Du bois de "sal" pour les boutres indiens

04 Aug 2008 49 17 462
Mandvi (Inde) - Pas la peine de préciser qu’à marée haute les ouvriers ne travaillent pas au sol. Ce boutre est bien avancé dans sa construction. La coque est terminée. C’est la raison pour laquelle il y a quelques mois, il a été remorqué à l’entrée du chenal. Il ne craint plus l’eau. Comme on peut le distinguer sur cette photo, les ouvriers s’affairent désormais sur le pont supérieur, les pieds bien au sec. Pour la construction de ces navires marchands, l’Inde a longtemps utilisé le tek.

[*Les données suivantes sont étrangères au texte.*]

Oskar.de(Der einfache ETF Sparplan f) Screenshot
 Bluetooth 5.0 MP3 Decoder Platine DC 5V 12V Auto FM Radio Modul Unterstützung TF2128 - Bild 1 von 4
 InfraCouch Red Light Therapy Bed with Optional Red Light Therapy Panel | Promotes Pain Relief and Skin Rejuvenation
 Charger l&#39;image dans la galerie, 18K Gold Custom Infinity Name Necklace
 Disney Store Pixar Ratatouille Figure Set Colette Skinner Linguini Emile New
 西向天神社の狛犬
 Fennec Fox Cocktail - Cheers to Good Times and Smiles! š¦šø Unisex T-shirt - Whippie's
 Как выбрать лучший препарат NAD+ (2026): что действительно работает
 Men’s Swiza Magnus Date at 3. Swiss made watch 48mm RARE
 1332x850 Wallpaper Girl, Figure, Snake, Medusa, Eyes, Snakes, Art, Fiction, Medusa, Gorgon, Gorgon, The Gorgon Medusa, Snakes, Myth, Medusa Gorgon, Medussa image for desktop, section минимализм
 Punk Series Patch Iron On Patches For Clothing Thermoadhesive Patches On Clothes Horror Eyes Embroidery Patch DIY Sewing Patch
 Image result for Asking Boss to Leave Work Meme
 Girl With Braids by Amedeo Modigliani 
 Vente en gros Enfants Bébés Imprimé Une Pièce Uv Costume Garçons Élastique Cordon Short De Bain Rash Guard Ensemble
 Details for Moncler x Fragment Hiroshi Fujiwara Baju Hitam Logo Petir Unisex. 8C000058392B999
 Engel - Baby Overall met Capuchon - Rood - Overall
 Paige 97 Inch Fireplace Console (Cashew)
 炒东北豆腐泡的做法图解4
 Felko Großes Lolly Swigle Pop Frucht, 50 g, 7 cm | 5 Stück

Mais depuis que l’importation de cette essence précieuse est interdite et que son prix a fortement été revu à la hausse ces dernières années, les chantiers se sont rabattus sur le bois de « sal » (ou sala). Un bois très dense et imputrescible, importé du Sud-Est Asiatique et plus particulièrement d’Indonésie. Ce bois provient d’un résineux qui atteint 30 à 35 mètres de haut à l’âge adulte. Il présente un grain grossier qui n’autorise pas un ponçage efficace de sorte qu’il est inadapté pour des travaux de menuiserie. Il est donc utilisé comme bois de charpente dans la construction navale. Sur certaines unités en construction on peut voir que du bois récupéré sur des bateaux voués à la casse a été recyclés par mesure d’économie. Tout est utilisé dans le « sal », notamment son fruit et ses graines qui sont transformés en huile pour les lampes. Il n’est pas rare qu’aujourd’hui encore dans les familles les plus pauvres, on s’éclaire toujours à la lampe à huile ou à la bougie. Quant à sa résine particulièrement odorante, elle est recyclée en encens pour les cérémonies religieuses hindoues. Ici, j'ai choisi d'intégrer dans l'image un premier plan avec ce bateau destiné à la récupération des matériaux. Ce qui a l'avantage de remplir le cadre et de donner de la respective. Un premier plan est souvent nécessaire pour une photo prise au grand-angle.

Bye Bye Mandvi !

04 Aug 2008 43 16 469
Mandvi (Inde) - Je termine cette série sur les chantiers navals d’un autre âge avec le plan serré d’un contremaître pendant sa « pause syndicale ». C’est un clin d’oeil car ces ouvriers n’ont pas plus de syndicats que de sécurité sur les chantiers. L'homme a l'air de fermer les yeux. Ce n'est pas tout à fait le cas, mais il était placé face au soleil. Pour ce reportage je n’ai pas beaucoup de gros plans de personnages isolés. Comme mon reportage était destiné à un journal maritime professionnel, dans un premier temps j’ai axé mon regard sur les bateaux. Bien entendu, les conditions de travail déplorables me sont vite apparues. Comment parler de ces boutres sans évoquer cette précarité à travers cette activité de tous les dangers ? Si je me suis toujours intéressé aux gens, ce reportage a été un vrai déclic pour moi. C’est en découvrant ces hommes et ces femmes qui travaillant sur ces chantiers que j’ai décidé de m’investir à 100 % dans la photo humaniste. l’Homme est depuis devenu le fil rouge de tous mes reportages. Il en avait souvent été ainsi auparavant, mais depuis ce jour, j’en ai fait une véritable ligne éditoriale. C’était devenu une évidence. Et comme je sais désormais intégrer des PIP dans mes photos, j’en mets une autre, en vignette en haut à droite. Une ultime vue générale prise de la fenêtre d’une chambre d’hôtel, seul immeuble élevé dans cette rue donnant sur le chantier.